The kinetics of the removal of copper ions from aqueous solutions using magnetic nanoparticles supported on activated carbon

Abstract

Removal of Cu(II) from aqueous solution supplies is possible through the process of adsorption. One of these processes involves the preparation of magnetic nanoparticles on activated carbon (AC). Adsorbed coppre ions on the surface of Fe3O4-AC are separated from aqueous solutions using external magnetic fields. In the present study, magnetic nanoparticles were synthesized using the co-precipitation method. Fe3O4-supported AC was also used for the removal of copper ions from an aqueous solution. In additon, the effects of parameters such as pH, adsorbent dosage, and initial Cu(II) concentration on the removal process were investigated.
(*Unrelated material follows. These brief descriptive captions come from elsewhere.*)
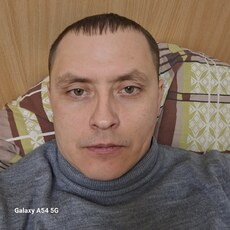 Фотография мужчины Алексей, 38 лет из г. Нягань
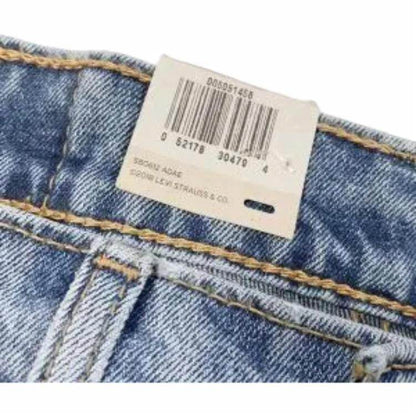 Джинсы мужские Levi's - Boxette Shop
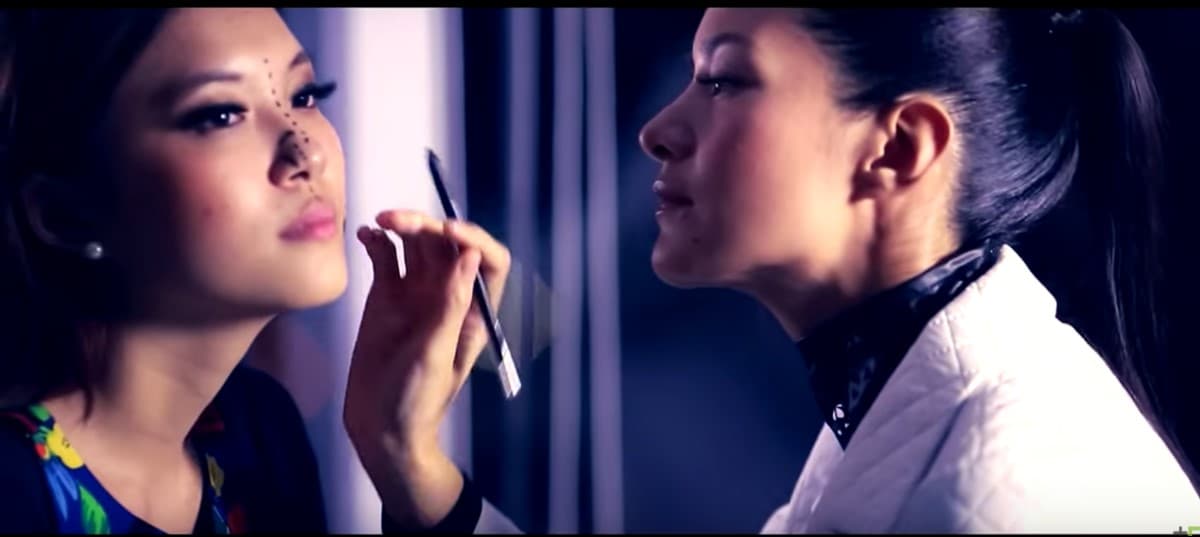 十大女仔唔滿意身體部位 眼居然只係排第十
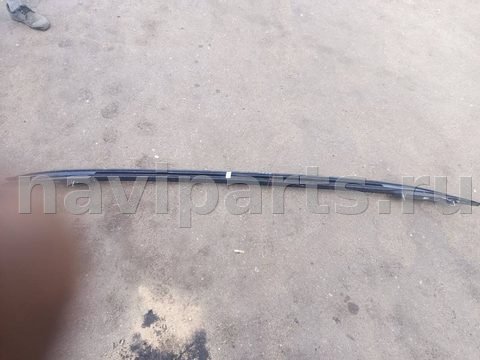 Дуги на крышу (рейлинги) Volkswagen Sharan, 2013 г., арт. B002550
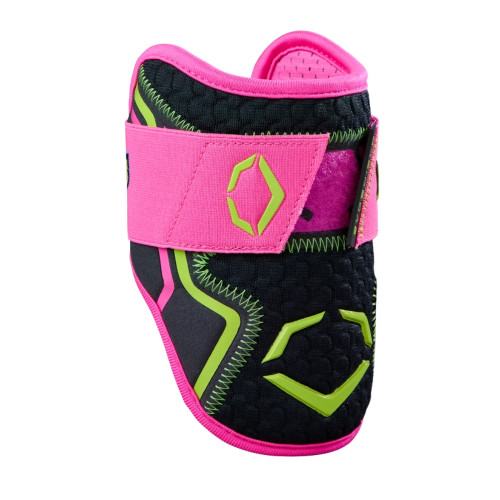 Evoshield X-SRZ Party Animals Protective Baseball Elbow Guard – WB5767201 Evoshield X-SRZ Party Animals Protective Baseball Elbow Guard – WB5767201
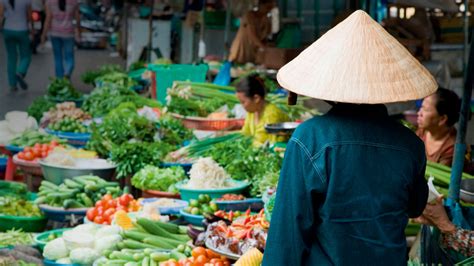 A Street Food Tour Of Ho Chi Minh City Vietnam Foodism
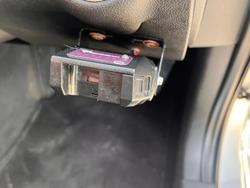 2008 Holden Ute SV6 VE Nitrate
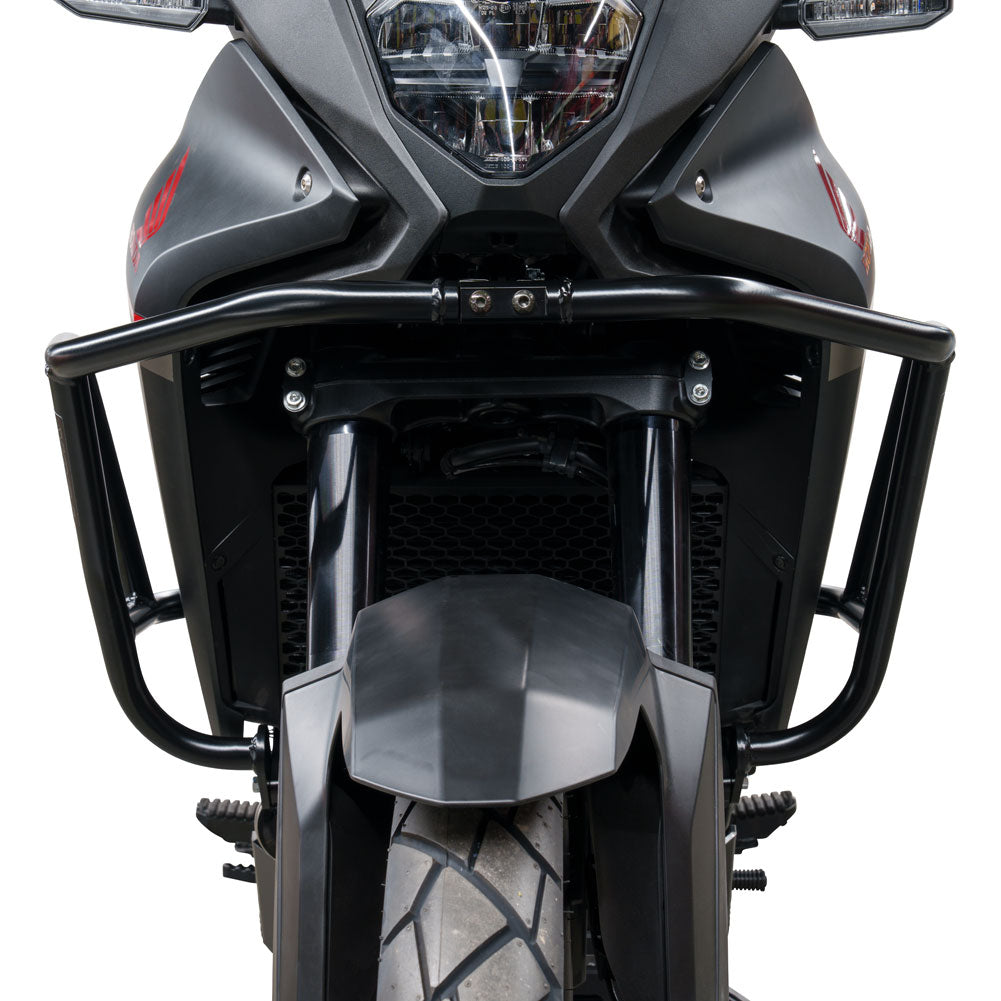 Tusk 1560870007 Crash Bars - Engine Guards Black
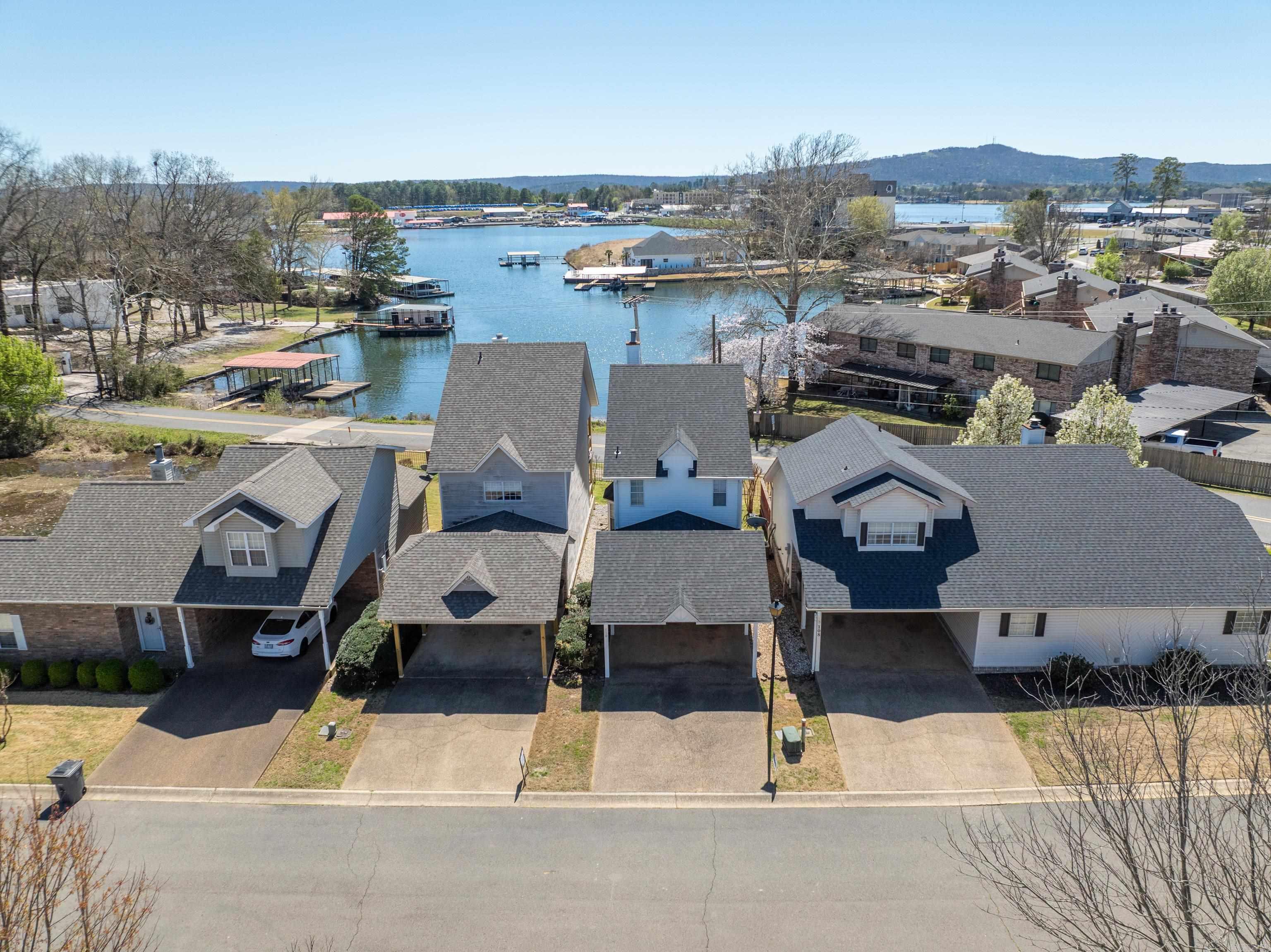 Lake Point Garden - Residential Lease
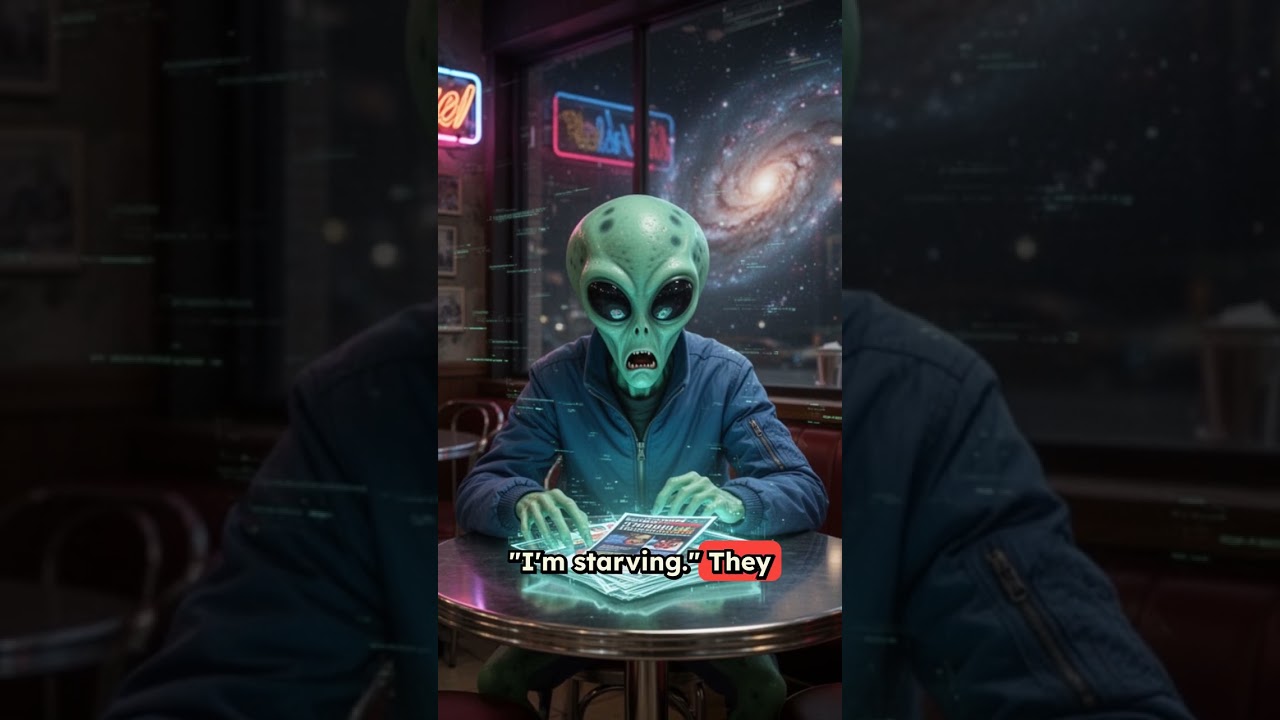 Sandwich Denied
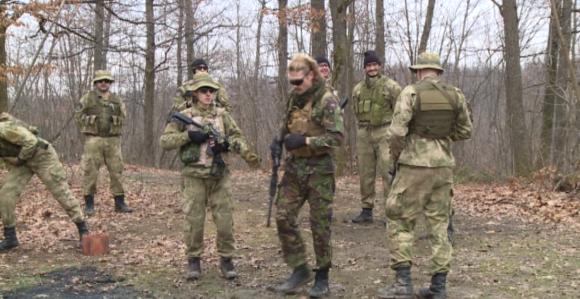 Све популарнији: Шта је “Аирсофт“?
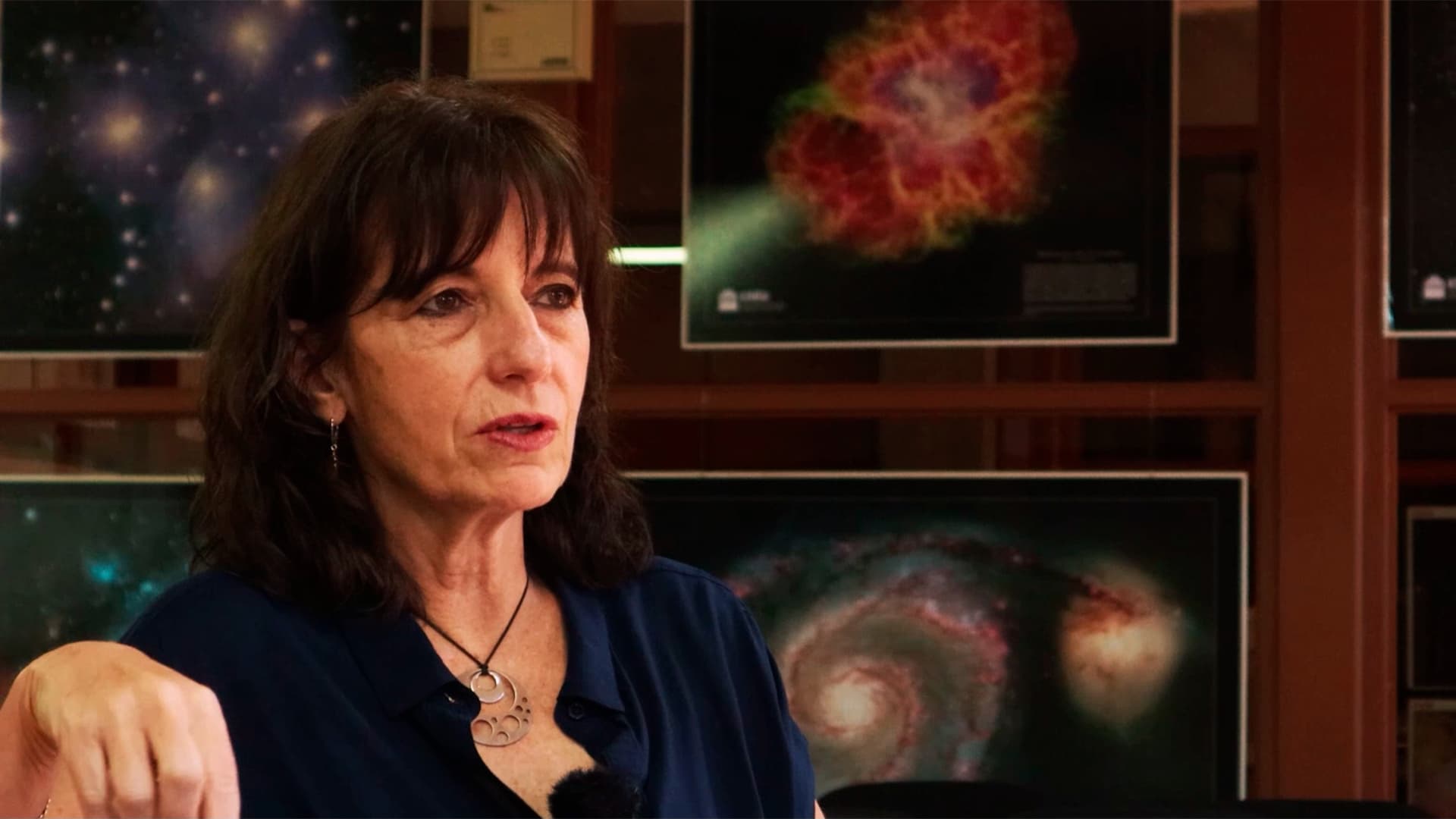 Видео к фильму Limit Point | Punto L&iacute;mite - Trailer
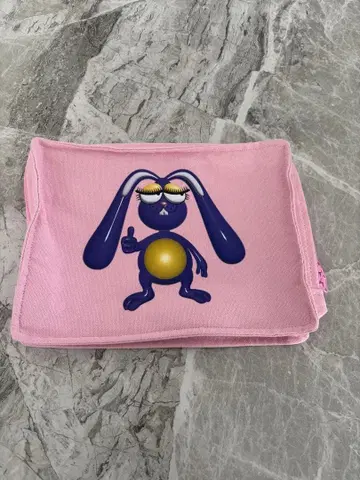 BG 토우아 파우치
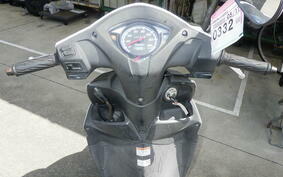 SUZUKI ADDRESS 110 CE47A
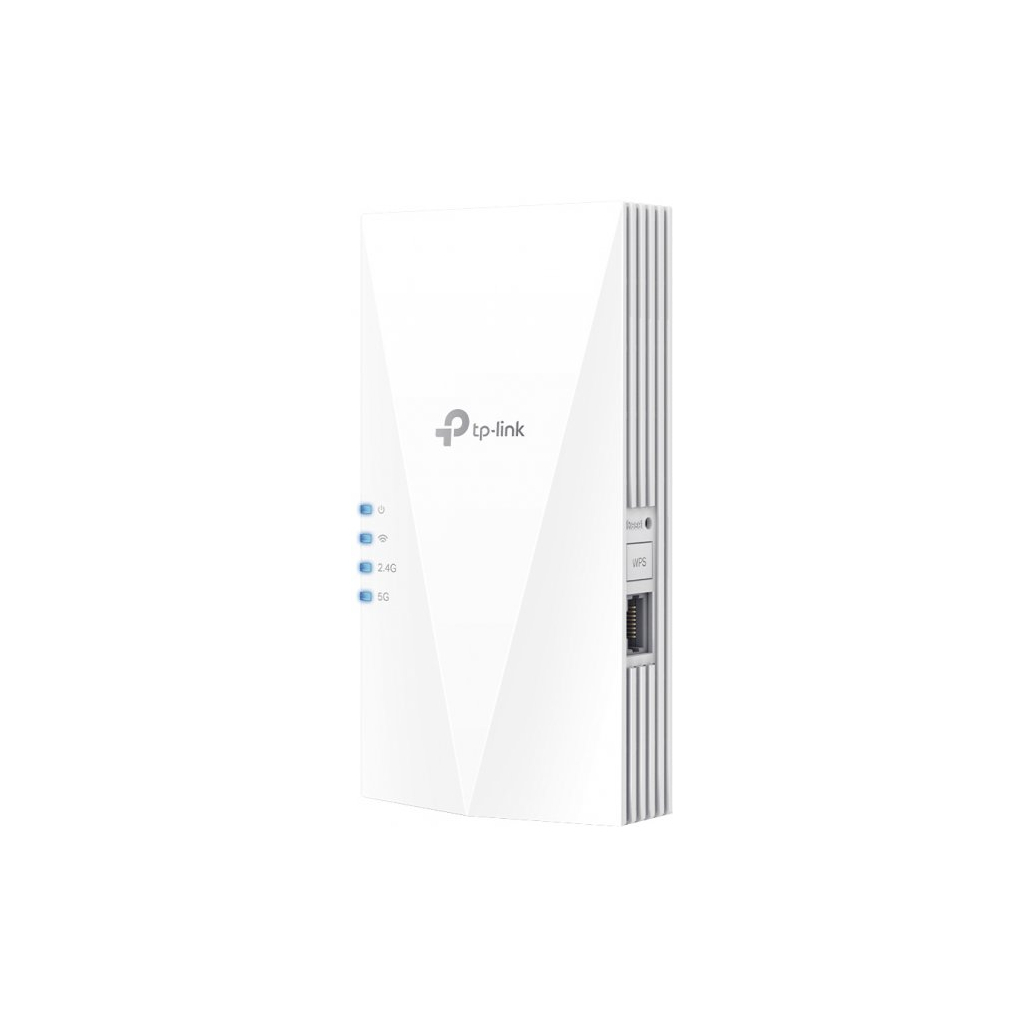 Ретранслятор TP-Link RE600X - зображення 1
The optimal conditions for the removal of Cu(II) ions from aqueous solutions were at the pH of 7, adsorbent dosage of 0.1 gram, and initial Cu(II) concentration of 10 mg/l. Removal percentage was estimated at 96.37% for Fe3O4-AC, while it was 61.52% for AC. Langmuir, Freundlich, and Temkin isotherm models were also used in equilibrium studies. According to the findings, Temkin isotherm was well-fitted with the experimental data. In the kinetic studies, pseudo-first-order and pseudo-second-order models were assessed, and the pseudo-first-order equation provided the optimal correlation with the obtained data.